* The problem: Your answer should be the lines below from the one holding "Ochranná vrstva séra" through the one holding "Luna Star Naturals", copied exactly and with nothing else.

* Records for this exercise:
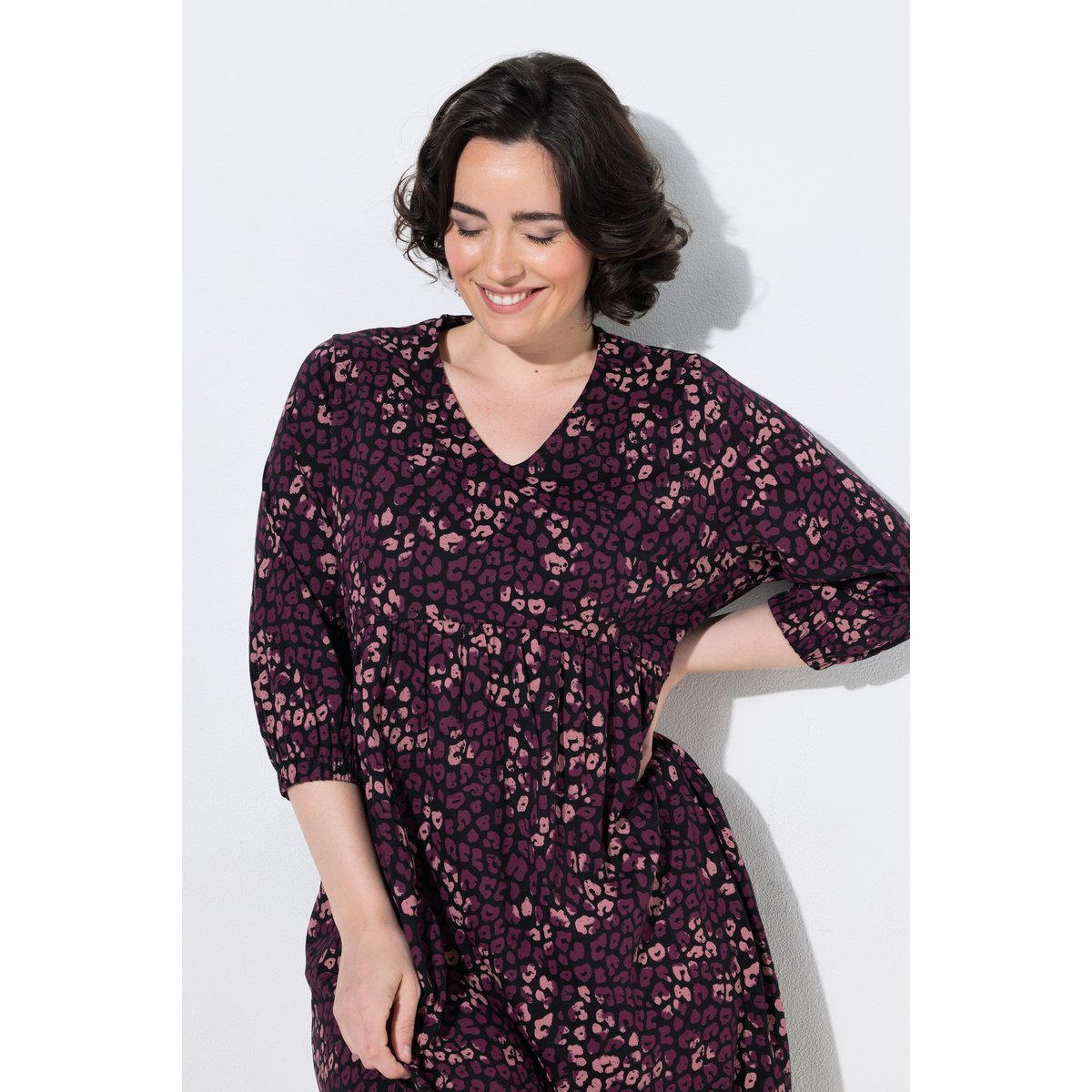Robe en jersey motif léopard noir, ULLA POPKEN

* * *

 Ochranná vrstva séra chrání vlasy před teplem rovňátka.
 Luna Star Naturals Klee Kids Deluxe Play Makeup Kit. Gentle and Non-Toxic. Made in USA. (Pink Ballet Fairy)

* Your response:
 Ochranná vrstva séra chrání vlasy před teplem rovňátka.
 Luna Star Naturals Klee Kids Deluxe Play Makeup Kit. Gentle and Non-Toxic. Made in USA. (Pink Ballet Fairy)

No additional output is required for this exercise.